This role will complement our existing team of analytics experts. The candidate will be responsible for optimizing our data architecture as well as managing data flow and collection from disparate sources into a workable format by cross-functional teams. The ideal candidate should have subject matter expertise on how to build and optimize BIG DATA systems from the ground up. They will be self-driven and will work with different stakeholders across the organization which includes software engineers, data analysts and data scientists. The candidate will have the opportunity to shape our data stack, ensuring that our ever-flowing data is adequately collected, organized and made accessible for advanced analytics and beyond.

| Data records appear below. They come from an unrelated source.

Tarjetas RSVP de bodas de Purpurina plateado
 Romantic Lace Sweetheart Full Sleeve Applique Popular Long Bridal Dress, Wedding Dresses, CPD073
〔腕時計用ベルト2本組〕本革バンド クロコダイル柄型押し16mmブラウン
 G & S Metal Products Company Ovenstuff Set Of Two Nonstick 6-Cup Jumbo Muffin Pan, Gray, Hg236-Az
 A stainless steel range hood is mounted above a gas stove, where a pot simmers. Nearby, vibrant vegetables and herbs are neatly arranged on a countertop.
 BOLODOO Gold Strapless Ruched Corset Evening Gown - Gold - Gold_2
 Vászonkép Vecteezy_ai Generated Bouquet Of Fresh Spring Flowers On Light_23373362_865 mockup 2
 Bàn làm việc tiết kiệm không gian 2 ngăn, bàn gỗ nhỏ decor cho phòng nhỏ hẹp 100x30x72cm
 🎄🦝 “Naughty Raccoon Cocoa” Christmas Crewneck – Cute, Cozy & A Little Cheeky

Duties and responsibility:
Identify, design, and implement internal process improvements: automating manual processes, optimizing data delivery, re-designing infrastructure for greater scalability etc.
Build the infrastructure required for optimal extraction, transformation, and loading of data to a central location from a wide variety of data sources using SQL or other ‘big data’ technologies
Build analytics tools that utilize the data pipeline to provide actionable insights into customer acquisition, operational efficiency and other key business performance metrics
Work with stakeholders including the Executive, Product, Data and Design teams to assist with data-related technical issues and support their data infrastructure needs
Create data tools for analytics and data scientist team members that assist them in building and optimizing our product into an innovative industry leader
Implementing industry standard data governance and security standards
Advanced working SQL knowledge and experience working with relational databases, query authoring (SQL) as well as working familiarity with a variety of databases.
Build processes supporting data transformation, data structures, metadata, dependency and workload management.
A successful history of manipulating, processing and extracting value from large disconnected datasets.
Strong project management and organizational skills.
Experience with big data tools: Hadoop, Spark, Kafka, etc.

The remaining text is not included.